Counsel's concern was, in my opinion, misplaced. As the prosecutor submitted below, it would have been open to defence counsel (if he had appropriate instructions) to confine the complainant's attention to the first three months of 1996 or the period after the termination of her pregnancy at the end of 1995, and to ask her whether, during that time, the applicant slapped her and that was followed by consensual sex. If she had given a non-responsive answer of a sufficiently prejudicial character, he could have applied for a discharge of the jury. It must nevertheless be accepted that counsel, in good faith and in the exercise of his forensic judgment, did not think it wise to go further than he did in his cross-examination of the complainant. It should also be mentioned that he protested vigorously against what he said was the unfairness of suggesting recent invention when, as he said, the prosecutor knew that his hands were tied because the only material available to rebut the suggestion included an allegation that there had been earlier occasions of forced, non-consensual sex.

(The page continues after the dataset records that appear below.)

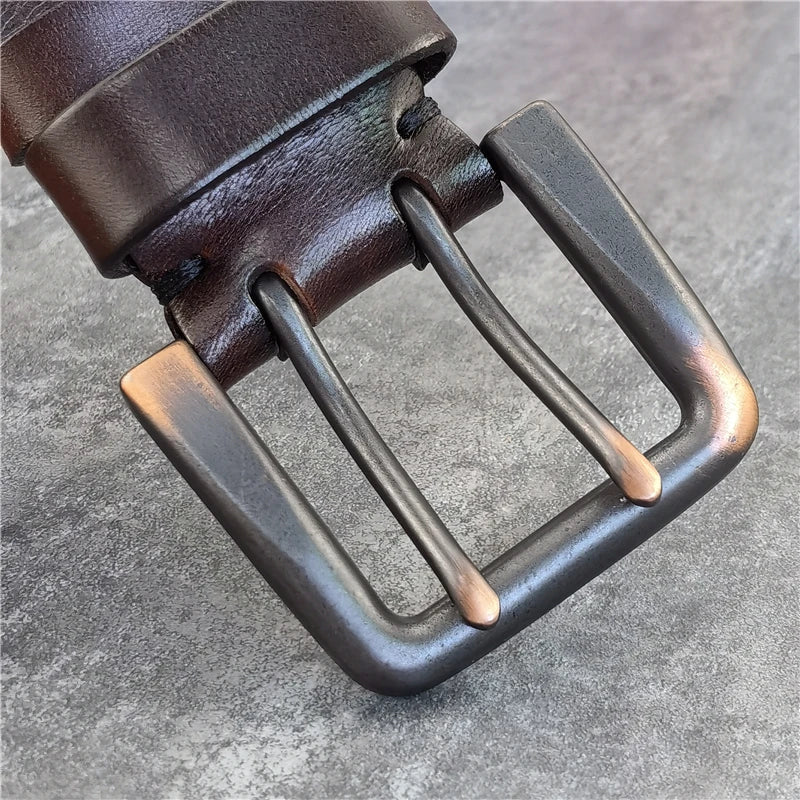 Herren Ledergürtel 2025 - Super Wide 4.2CM Luxury Thick Genuine Leather Double Buckle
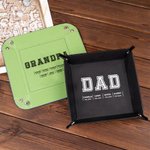 Personalizado Multicolor de cuero Catchall Snap Bandeja con 1-12 nombres de escritorio Organizador de almacenamiento Día del Padre Cumpleaños Regalo p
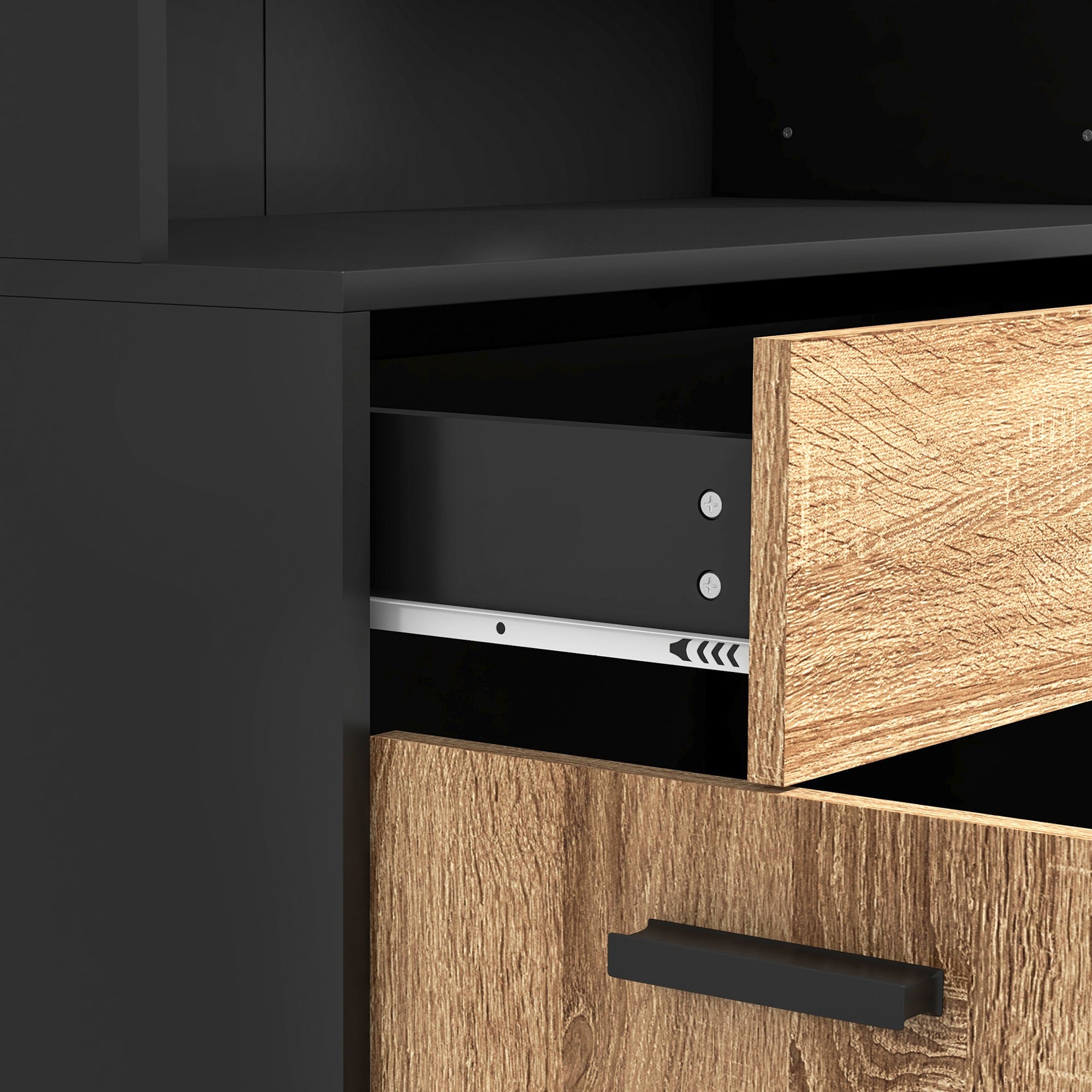 Armoire de cuisine, buffet de cuisine, meuble de rangement, 2 placards, 4 portes, 1 tiroir, passe-câbles, design industriel, 80 x 40 x 180 cm, noir et naturel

In the course of the argument I was attracted to the submission that the learned judge had erred by encouraging the jury to think that the reason the allegation had not been put to the complainant was that it had been invented by the applicant after she had given her evidence when her Honour knew that there was a different, and completely innocent, explanation. On reflection, however, I do not think that the submission should be accepted. The assertion that was said to be a recent invention was that there had been a previous incident of violence, followed by consensual sex, in 1996. There is no reason to think that counsel had instructions that would have enabled him to ask the complainant about a previous incident of violence of the kind described by the applicant in his evidence. The latest incident referred to at the committal was said to have occurred in about June 1995. Moreover it appears to have been followed, according to the complainant, by non-consensual sex. The jury were entitled to conclude that the reason the alleged incident in 1996 had not been put to the complainant was that counsel had no instructions in relation to that incident and that the reason for that was that the applicant had made it up in the witness box. In those circumstances I do not think that the impugned direction caused the trial to miscarry. There is no occasion to consider the proviso.
For these reasons I would dismiss the application.